● **RECORDS FOR THE EXERCISE**:

• • • • • • •

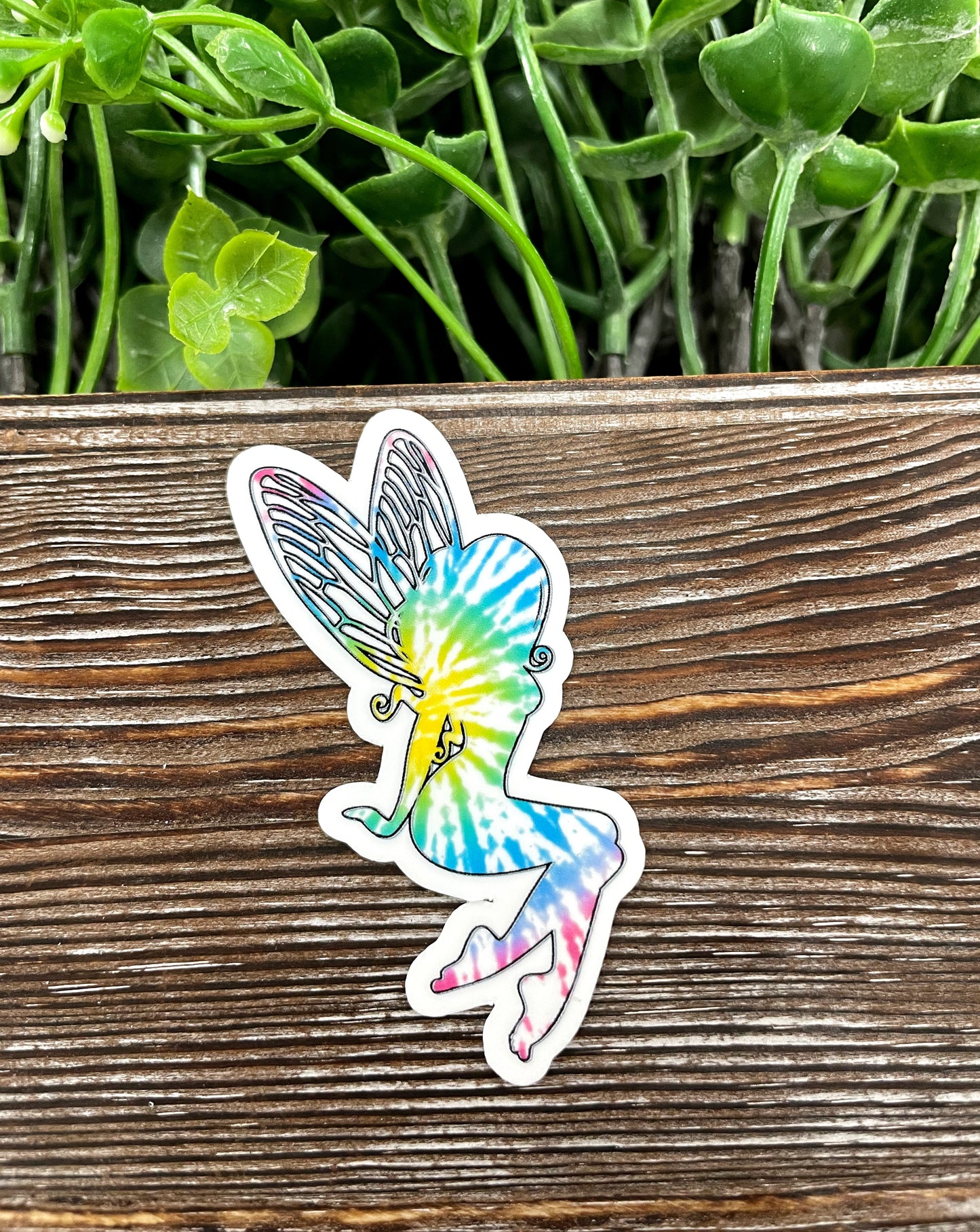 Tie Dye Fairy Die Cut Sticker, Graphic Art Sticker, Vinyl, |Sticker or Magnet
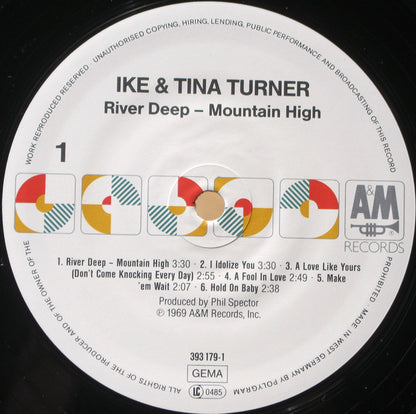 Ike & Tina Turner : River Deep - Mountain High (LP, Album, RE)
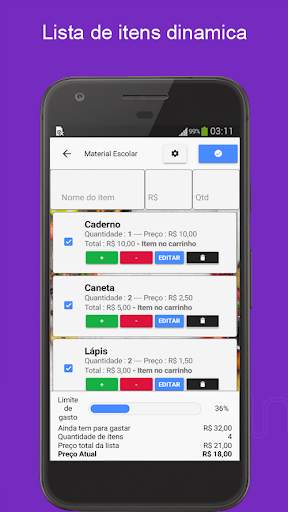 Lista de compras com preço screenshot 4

• • • • • • •

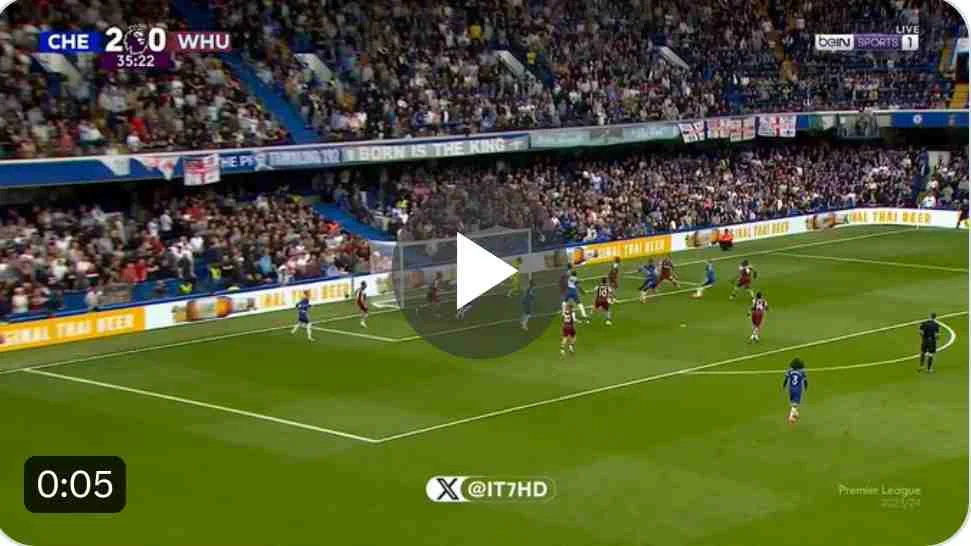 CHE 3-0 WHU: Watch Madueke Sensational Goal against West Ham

• • • • • • •

● **AIM OF THE EXERCISE**:
Look through the material above. Transcribe exactly the lines between the ones with "Ike & Tina Turner" and "Lista de compras com preço screenshot 4", inclusive, and keep pictures out.

● **SOLUTION FOR THIS EXERCISE**:
 Ike & Tina Turner : River Deep - Mountain High (LP, Album, RE)
 Lista de compras com preço screenshot 4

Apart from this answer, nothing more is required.